While it’s possible to alternate between pruning and importance estimation for different parts of the model, Minitron found that a single round of importance estimation was sufficient in most cases.

Retraining Using Classical Knowledge Distillation

After pruning, Minitron retrains the smaller model using classical knowledge distillation. This involves teaching the pruned model by minimizing losses at various stages of the model, including the embedding output, logits, and specific losses in the transformer architecture. The student model learns from the unpruned teacher model by comparing outputs at different layers.

From extensive experimentation, Minitron has distilled several best practices for compressing language models:

· Model Sizing: Start by training the largest model, then gradually prune and distill it to create smaller versions.

· Pruning Strategy: Focus on width pruning over depth pruning, especially for models up to 15B parameters. Single-shot importance estimation is usually sufficient.

· Retraining: Retrain using distillation loss instead of conventional training. When pruning layers significantly, use a combination of losses from logits, intermediate states, and embeddings. For smaller reductions in depth, stick to logit-only distillation.

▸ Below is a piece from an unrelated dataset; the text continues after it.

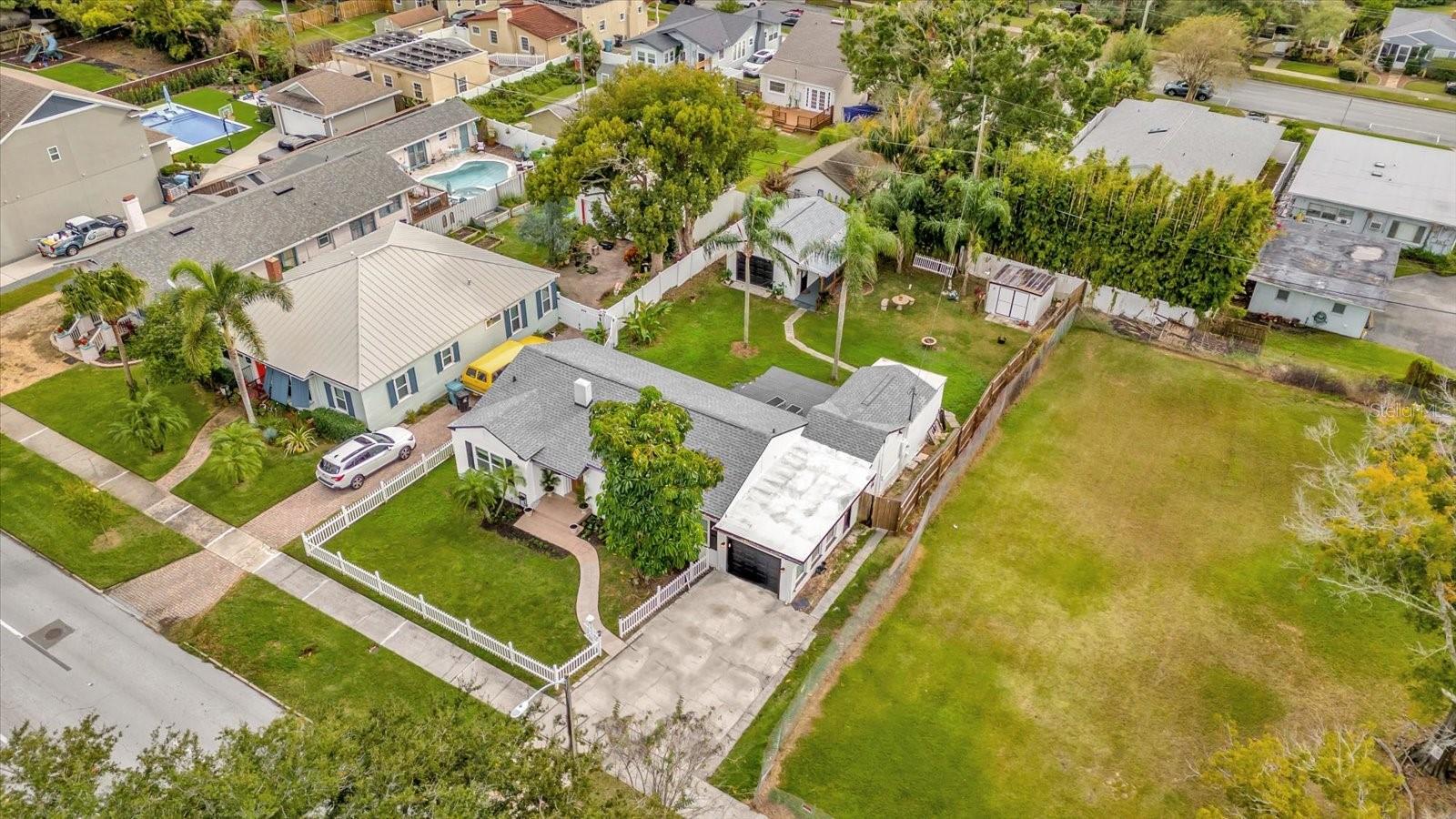 Image 40 of 43 For 918 Smith Street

Minitron applied these techniques to the Llama 3.1 model family, which includes models ranging from 405B to 8B parameters. Specifically, they focused on distilling the 8B model to a more efficient 4B version.

Fine-tuning the Teacher

Before pruning, Minitron fine-tuned the 8B model to account for shifts in the data distribution from the original training set. Without this step, the teacher model may not offer the best guidance to the student during distillation.

Depth Pruning

To reduce the 8B model to 4B, Minitron pruned 16 layers, assessing their importance by removing them one by one and tracking the impact on performance. They found that layers at both the beginning and end of the model were most critical to maintaining accuracy. Based on this analysis, Minitron removed a specific set of layers for the final 4B model.

Width Pruning

In addition to depth pruning, Minitron also pruned along the width dimension, targeting attention heads, embedding channels, and hidden layers. After pruning, retraining helped recover some of the performance lost in the initial pruning step. Interestingly, although width pruning initially led to higher loss than depth pruning, retraining allowed the model to recover more effectively over time.

The Results

NVIDIA evaluated the Minitron models on several benchmarks with results that matched the performance of baselines models.

The Minitron 4B-8B showcased the potential of distillation and pruning to build smaller and more efficient models. There are also major challenges with this approach but I think, overall, it sets an important baseline for the industry.